What is needed: Return exactly the lines from the one containing "Small Junior Bauer" through the end of the material below, and leave the images out.

Material for the task:
● ● ● ● ●

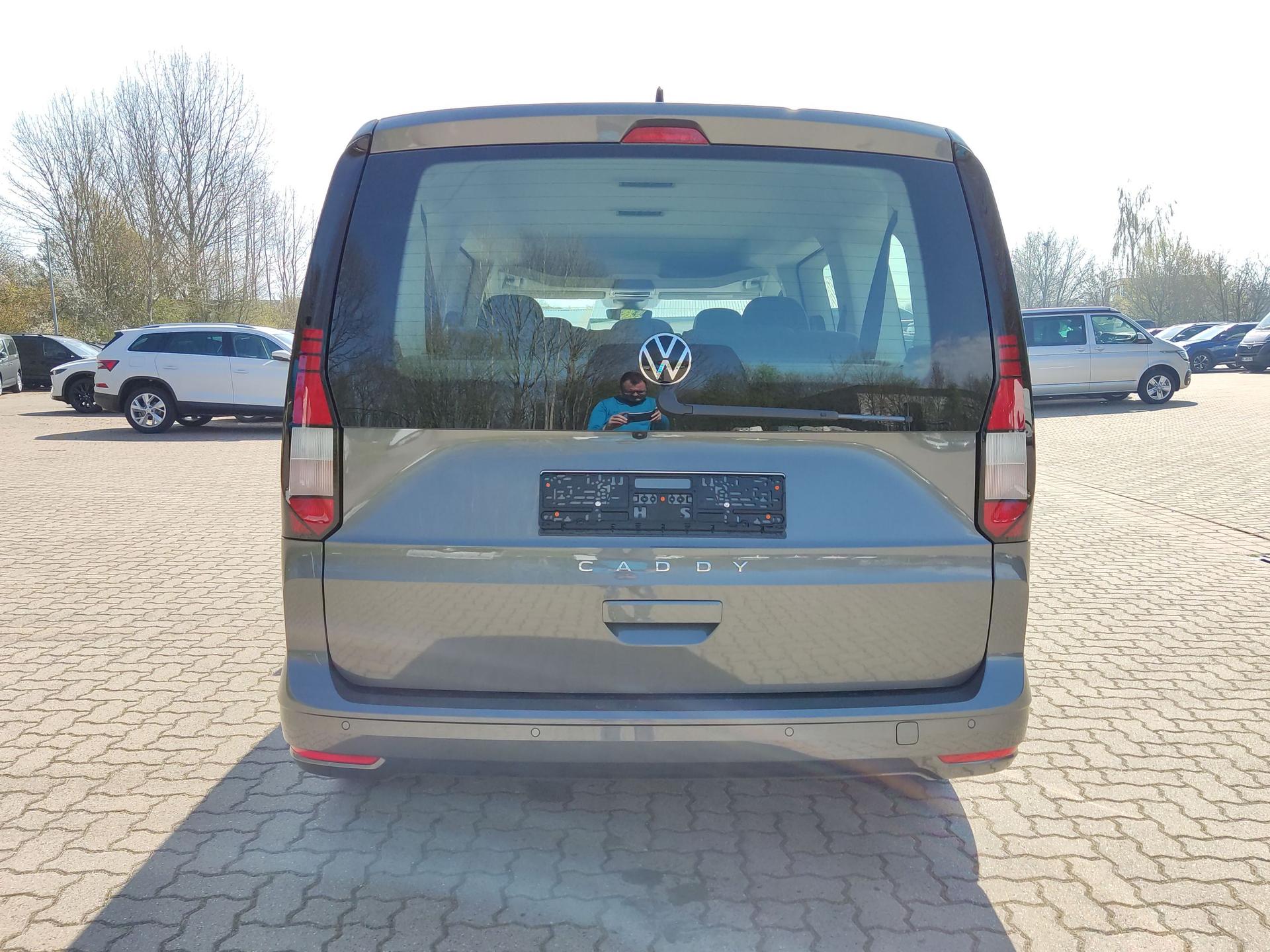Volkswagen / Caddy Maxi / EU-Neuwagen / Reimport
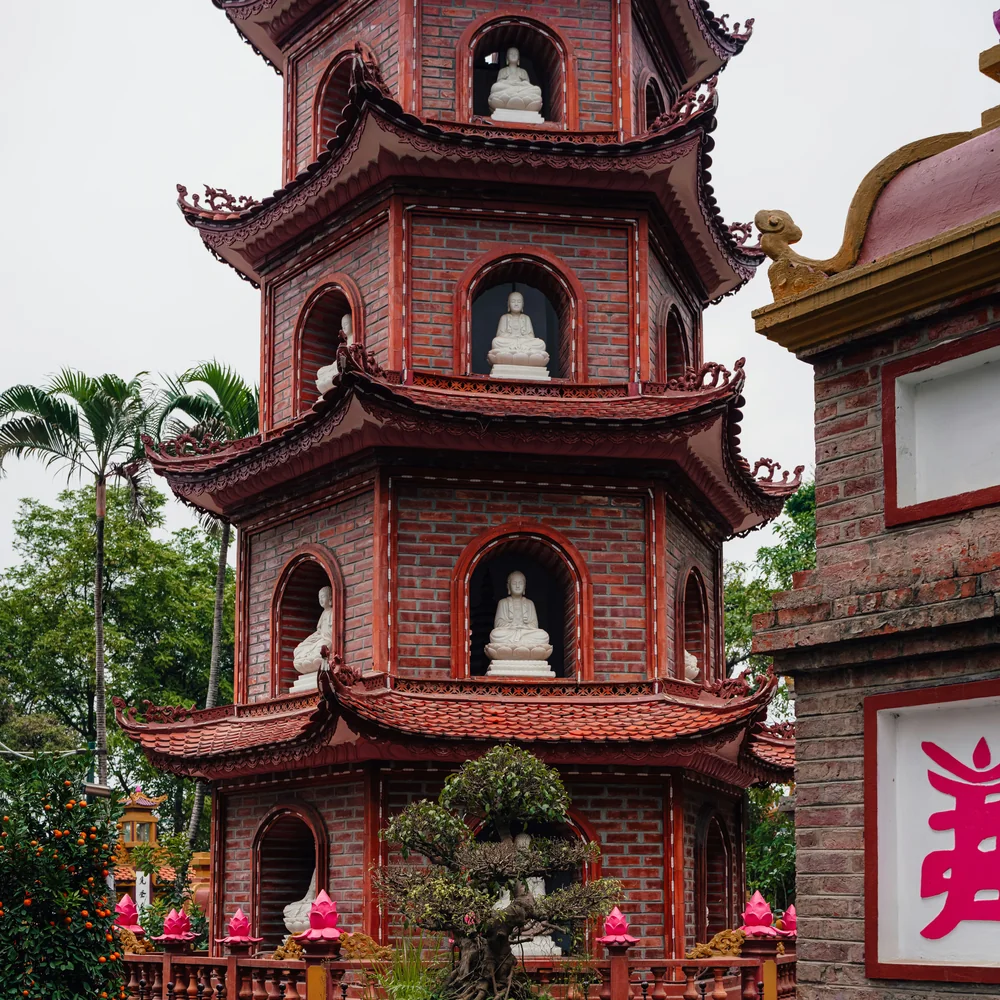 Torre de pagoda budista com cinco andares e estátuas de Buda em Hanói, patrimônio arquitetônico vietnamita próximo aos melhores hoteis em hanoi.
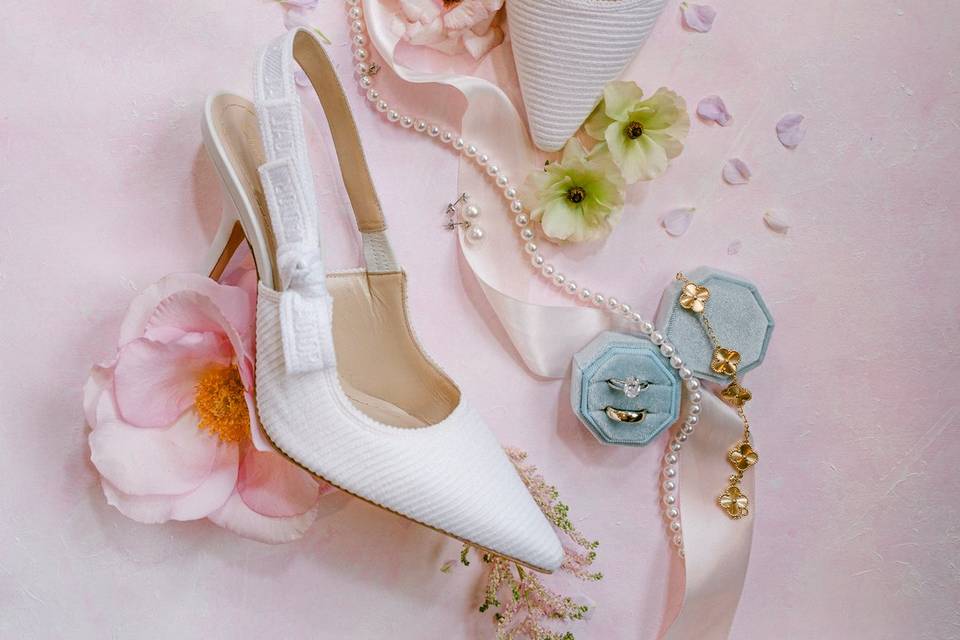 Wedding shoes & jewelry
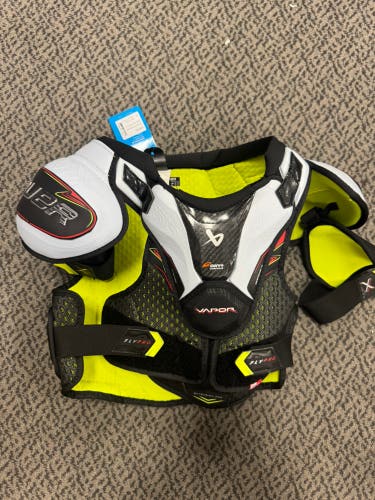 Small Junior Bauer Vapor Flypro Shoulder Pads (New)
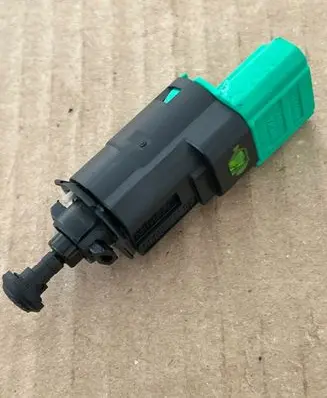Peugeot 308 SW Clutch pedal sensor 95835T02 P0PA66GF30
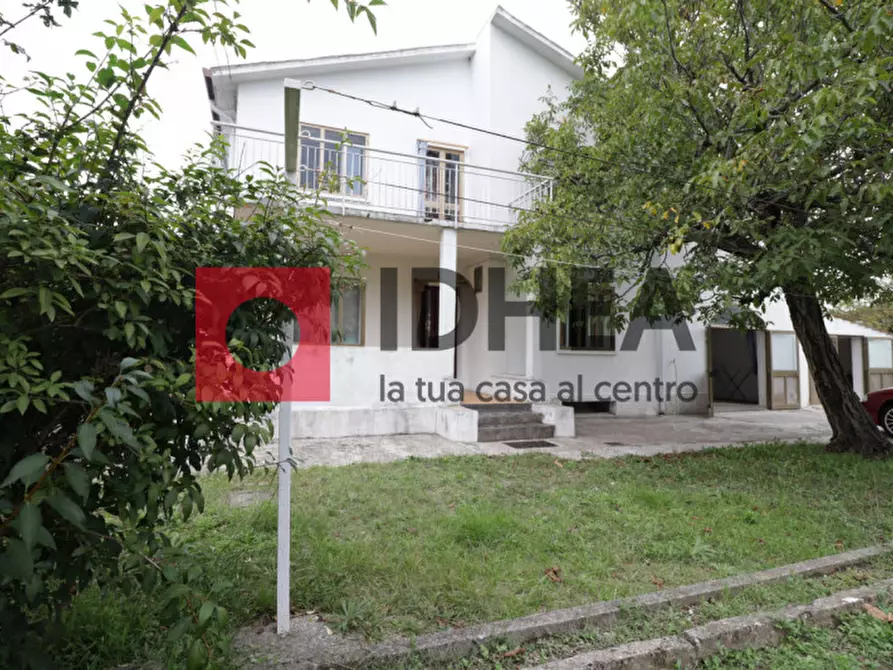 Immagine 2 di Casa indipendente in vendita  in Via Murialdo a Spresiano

● ● ● ● ●

Task response:
 Small Junior Bauer Vapor Flypro Shoulder Pads (New)
Peugeot 308 SW Clutch pedal sensor 95835T02 P0PA66GF30
 Immagine 2 di Casa indipendente in vendita  in Via Murialdo a Spresiano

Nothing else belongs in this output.